From the first line of the material through the line that holds "Other than when", repeat each line exactly and skip any picture.

--- --- ---

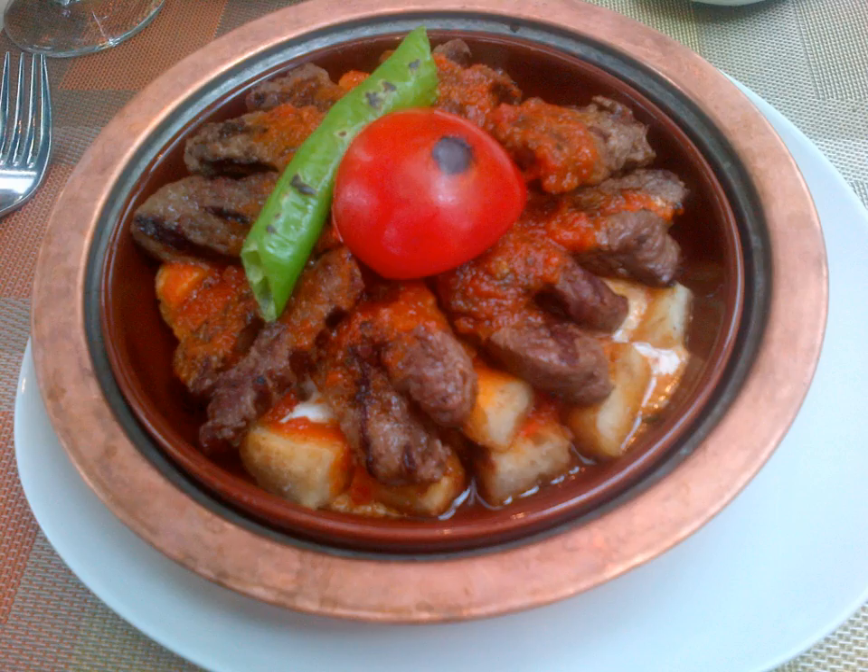Fish pilaki is also a popular recipe. In Greek cuisine, this style is known as plaki. In Bulgarian cuisine, the name is plakia.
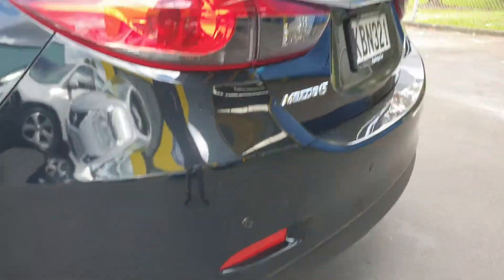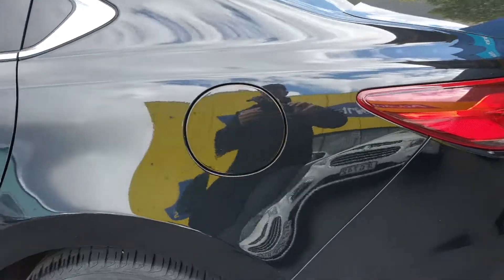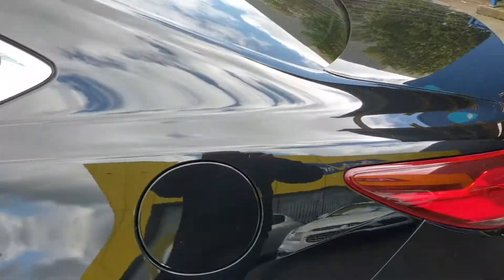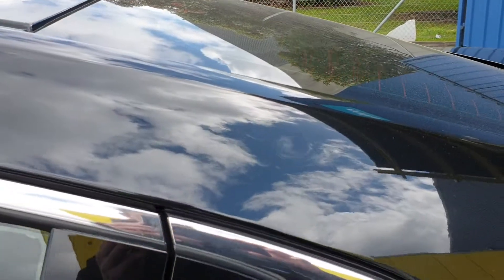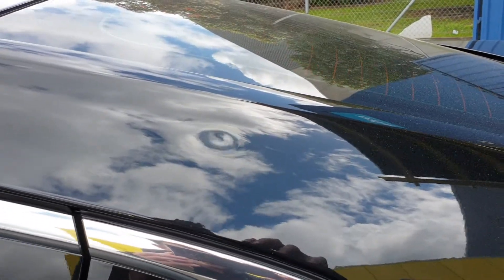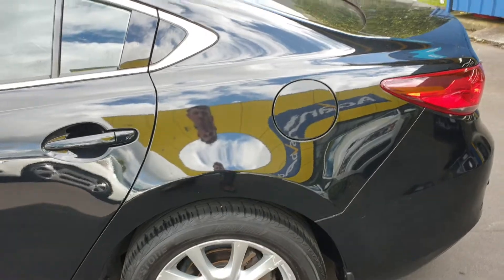There's reversing sensors and a reversing camera on that as well. The guard on this side is really nice — there's maybe a slight dent you can just see in the colour shift, and another tiny one. The odd little mark but really hard to pick up.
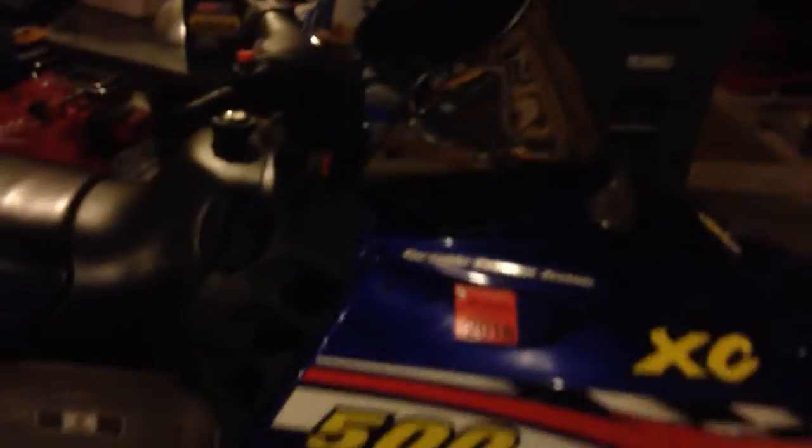Other than when I bought it, it had a really torn up snow flap, so I ordered that — it should come in any day now. I also had to replace this light here because it got burnt out, and I replaced the windshield because it had a high windshield on it, which I'm not the biggest fan of.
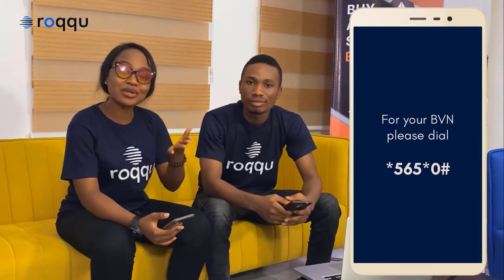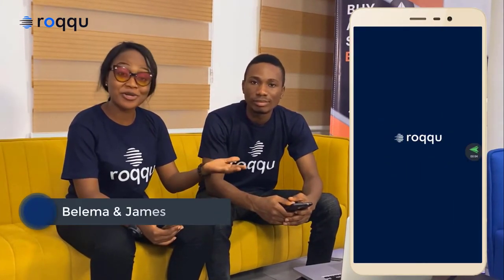Hello Roku! My name is James Korya, and beside me is Ikiruma Volema. We are here to teach you how to go about VVN verification on your Roku Wallet.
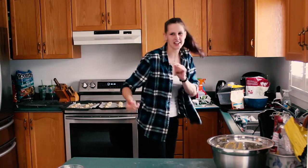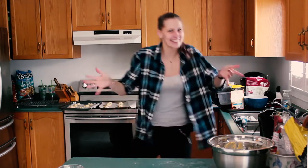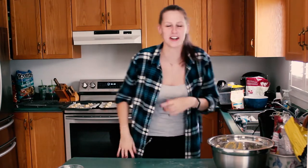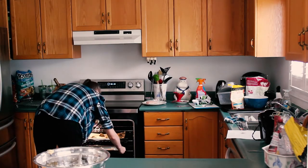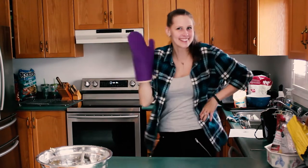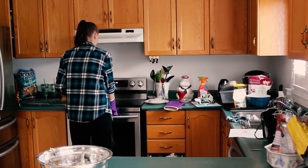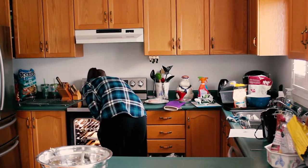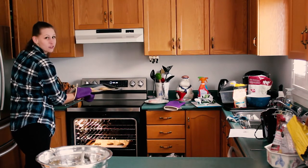We haven't preheated the oven enough yet, so you get me dancing to do intermission because we're waiting for your preheat. It's only at 185, we got a while. And now we wait for it to beep and see what they look like. They kind of remind me of the sour cream cookies. Finished product — I would show you them closer but they'll fall off.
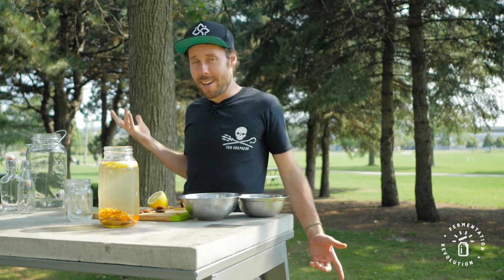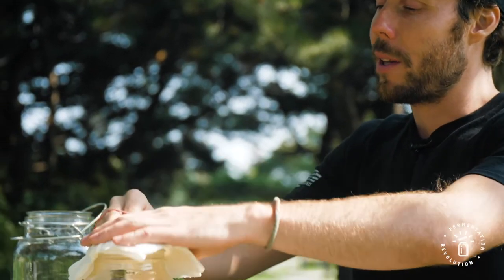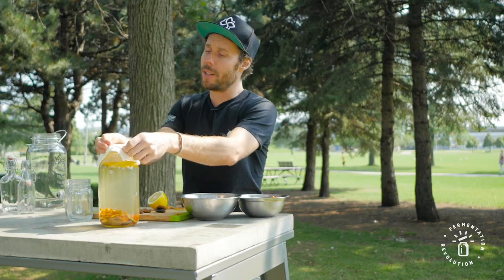What else? I think that's it. It's that easy — it took me two minutes, really. It's the easiest thing you can start doing. I know we say that about every fermentation, but that's one of the easiest also. And now I want it to breathe, but also be protected from dust or flies or anything that can come in.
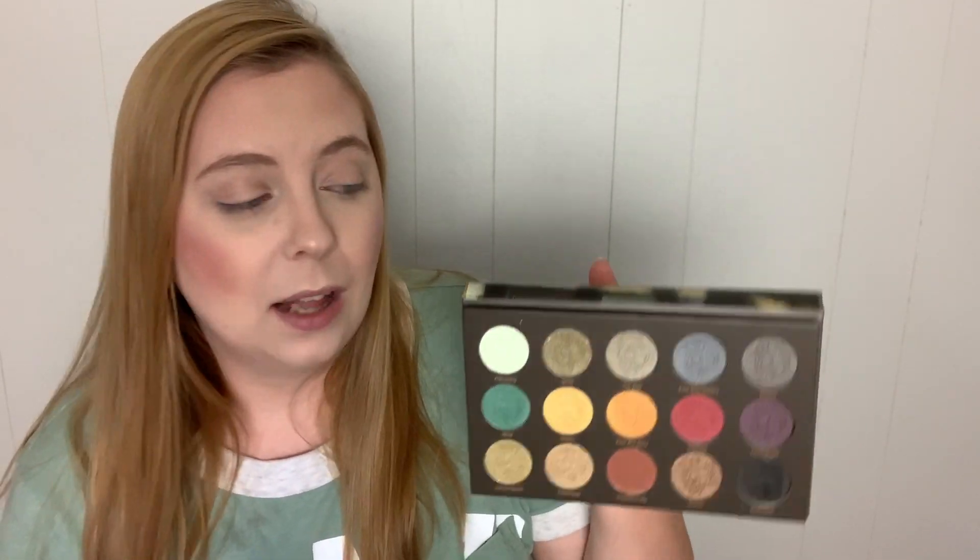I just got this palette in my Ipsy box for this month and I'm pretty excited about the shade range. It's kind of like a super grungy feel and I'm totally into this especially for fall. What I really like about this palette is the fact that these colors are true to the Berlin Wall — the graffiti they have on it. They really captured the colors, and since they named it the Berlin Underground palette, you can see the graffiti on the actual packaging, which is super cute.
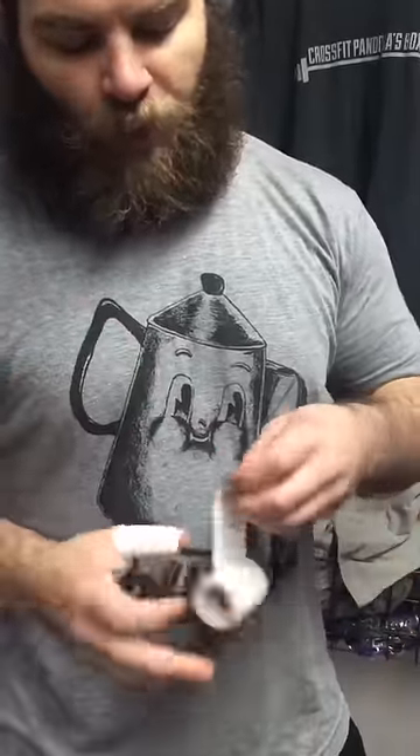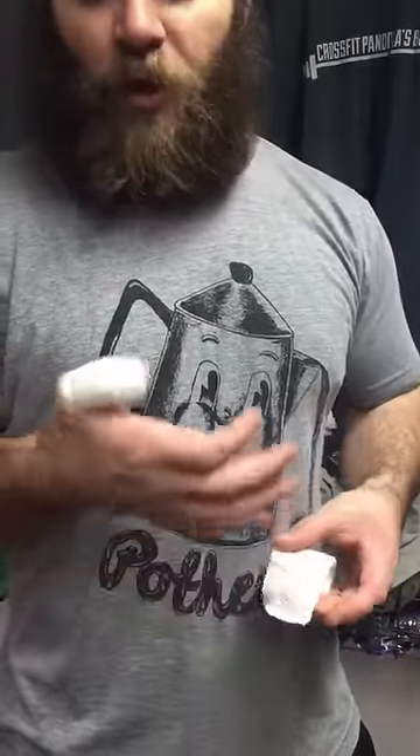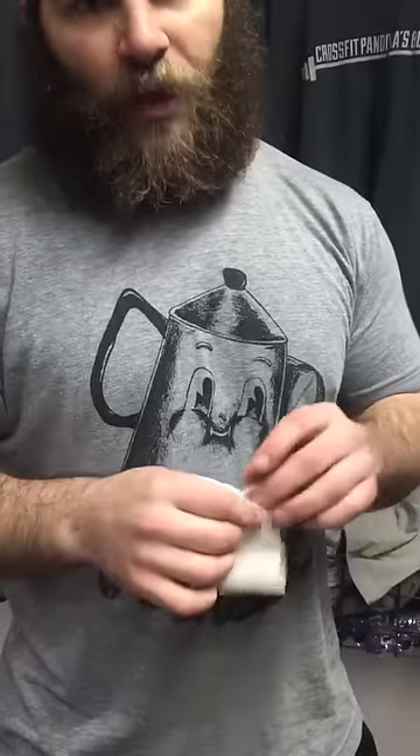Now, you might have short enough thumbs to where you can just go once around and it'll cover that, and that's fine because this does make it a little bit thicker. But as long as you stretch it quite a bit, you're still going to have your flexibility, and it's not going to be too thick.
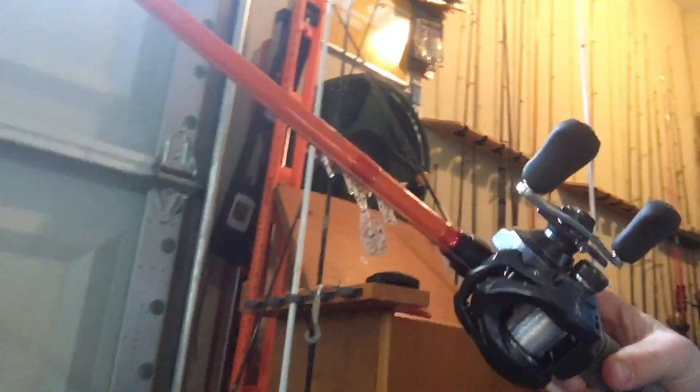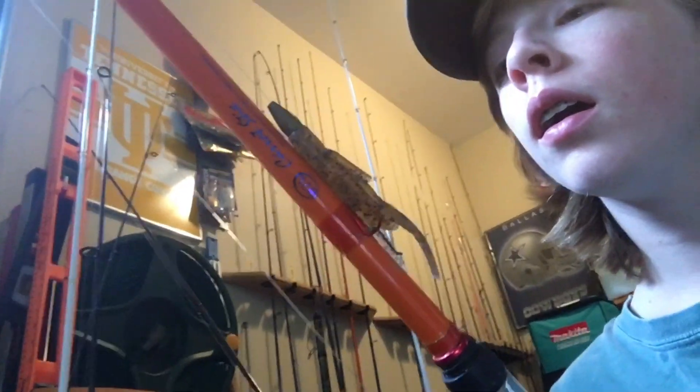All right guys, I just finished putting the line on it and this is what it looks like. Got it on a seven-foot medium heavy Carrot Stick — pretty nice, I gotta say. And I got the Shimano Cassitas on it — if I'm saying that right. This reel, I'll tell y'all, it's a 7.2:1 gear ratio. I really like it, it's awesome — really nice, really nifty. And even when you have it tightened up all the way like I do, it's still pretty smooth. It's a nice little reel.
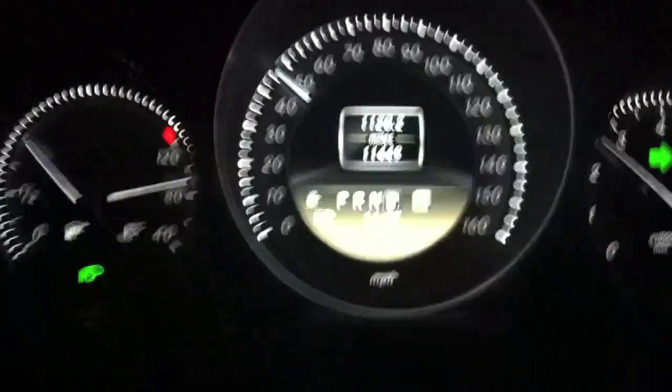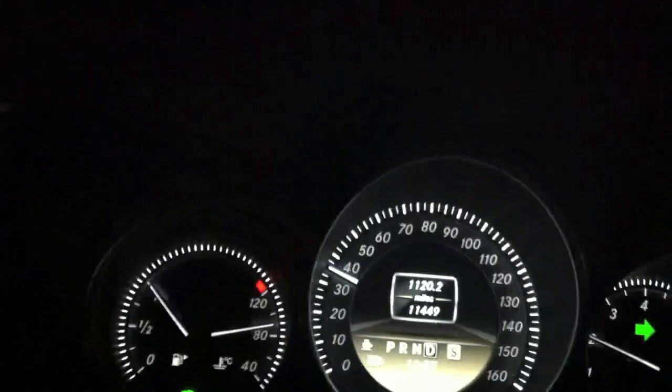Alright, so that was that zero to 60. Later on I'm gonna overlay the timed zero to 60 over the video so you guys can see it.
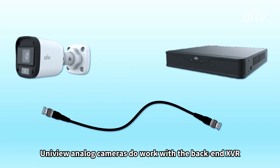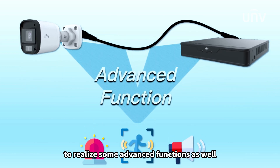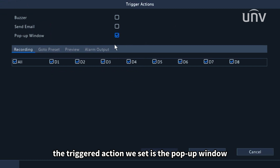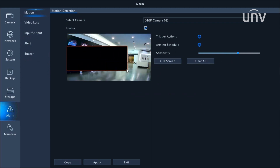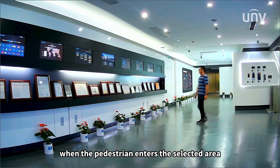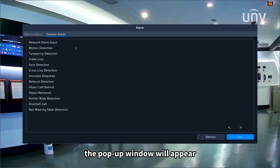Unifield Unlock cameras also work with the back-end XVR to realize some advanced functions. We are here taking motion detection as an example. The checked action we set is the pop-up window. Now we can see when the pedestrian enters a selected area, the pop-up window will appear.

--- --- ---

__Response to the exercise__:
Fish pilaki is also a popular recipe. In Greek cuisine, this style is known as plaki. In Bulgarian cuisine, the name is plakia.
There's reversing sensors and a reversing camera on that as well. The guard on this side is really nice — there's maybe a slight dent you can just see in the colour shift, and another tiny one. The odd little mark but really hard to pick up.
Other than when I bought it, it had a really torn up snow flap, so I ordered that — it should come in any day now. I also had to replace this light here because it got burnt out, and I replaced the windshield because it had a high windshield on it, which I'm not the biggest fan of.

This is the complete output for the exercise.